People are friendly and sociable; in the short term, it's generally an enjoyable place to be.

Compensation and benefits are solid, though by tech standards not exceptional (e.g., doesn't match 401k).

Cons

Flatiron has a culture that doesn’t care what gets done or how well it is done, only about who gets credit.

When an executive praises an initiative, teams leap into action to claim credit or to “contribute”, which means being invited to meetings for which they add nothing except wasted time. When a client complains about a problem, every team finds reasons that it's not their fault, or better yet invents a reason that it's not a problem at all. (Actually solving the problem for the client is the lowest priority).

Meetings are the vast majority of everyone's time, where credit is divided up and where people lobby for the approval of senior management.

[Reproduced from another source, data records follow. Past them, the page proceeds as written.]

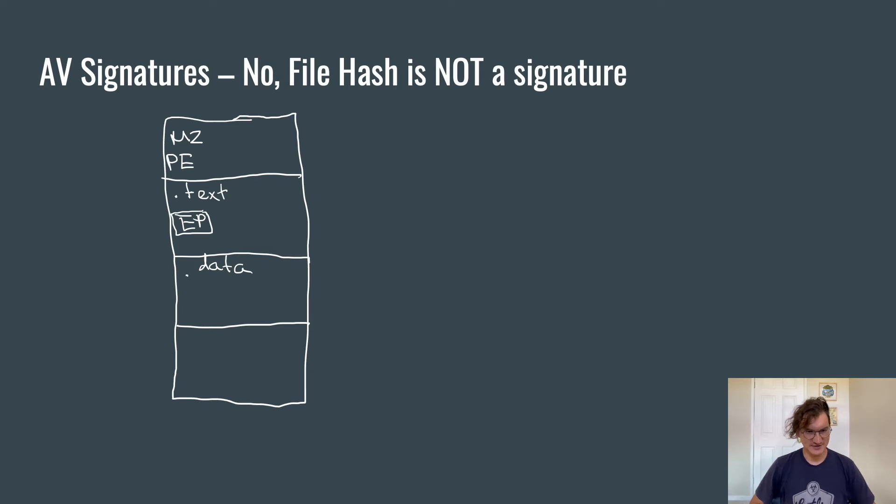Before we start talking about signatures and how they work, let me rant one more time. File hash is not a signature. The reason is that file hash — especially cryptographic file hash — is a horrible idea for file detection. Malware can simply be recompiled and the four bytes inside the header would change, representing the timestamp of when the malware was compiled.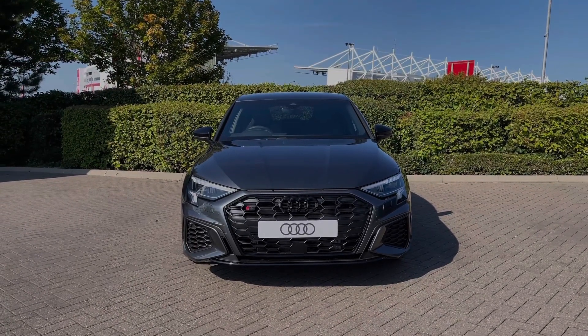Moving over to the central multimedia touchscreen, we have the car's Apple CarPlay and Android Auto feature for easily connecting your smartphone device, gaining access to a range of compatible applications and music streaming services.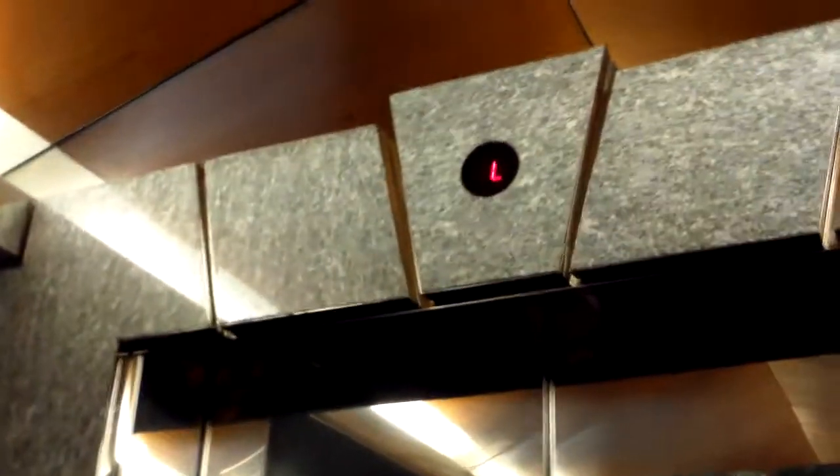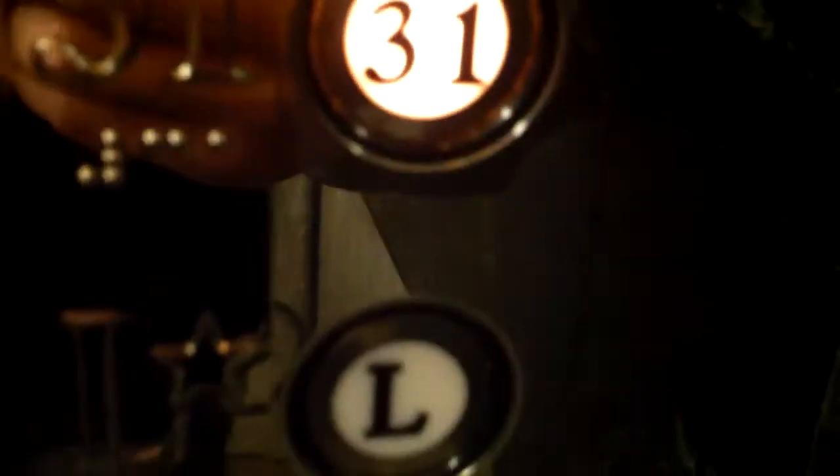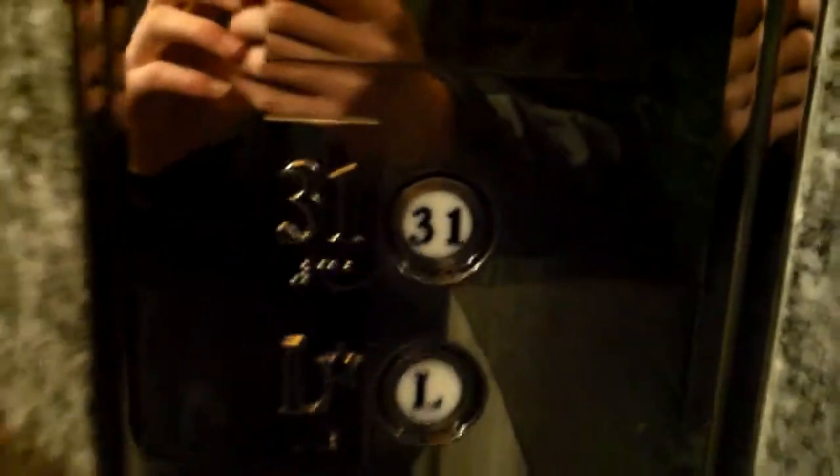Here's a sky lobby elevator in 1999 Broadway. This thing is pretty fast — it's a Schindler elevator. Take a look at the interior. These fixtures are pretty unique; I don't know what they are, they might be some kind of innovation. The sky lobby is on this floor.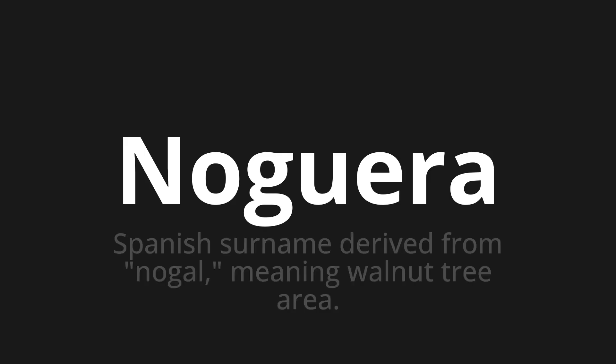Welcome to How to Pronounce. In today's video, we'll be focusing on a new word that you might find challenging or intriguing. So let's dive into today's word: Noguera. Which means: a Spanish surname derived from nogal, meaning walnut tree area.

Even small ideas need to get sign-off from 10-12 people from many different departments, since that lets everyone in the loop claim credit and increases their department's importance.

Advice to Management

You rightly put "Focus on your customer" on your list of values, but your teams don't practice it. Try to recenter your initiatives about what actually solves client problems, rather than what serves the needs of influential people within the company.

The communication norms that worked well for a company of <200 people, focusing on getting buy-in across many functionalities and including everyone who could have an opinion, haven’t adapted to the company’s size. This reduces innovation, freezes projects in their tracks, and hurts morale as people consistently get blocked on getting unnecessary approval.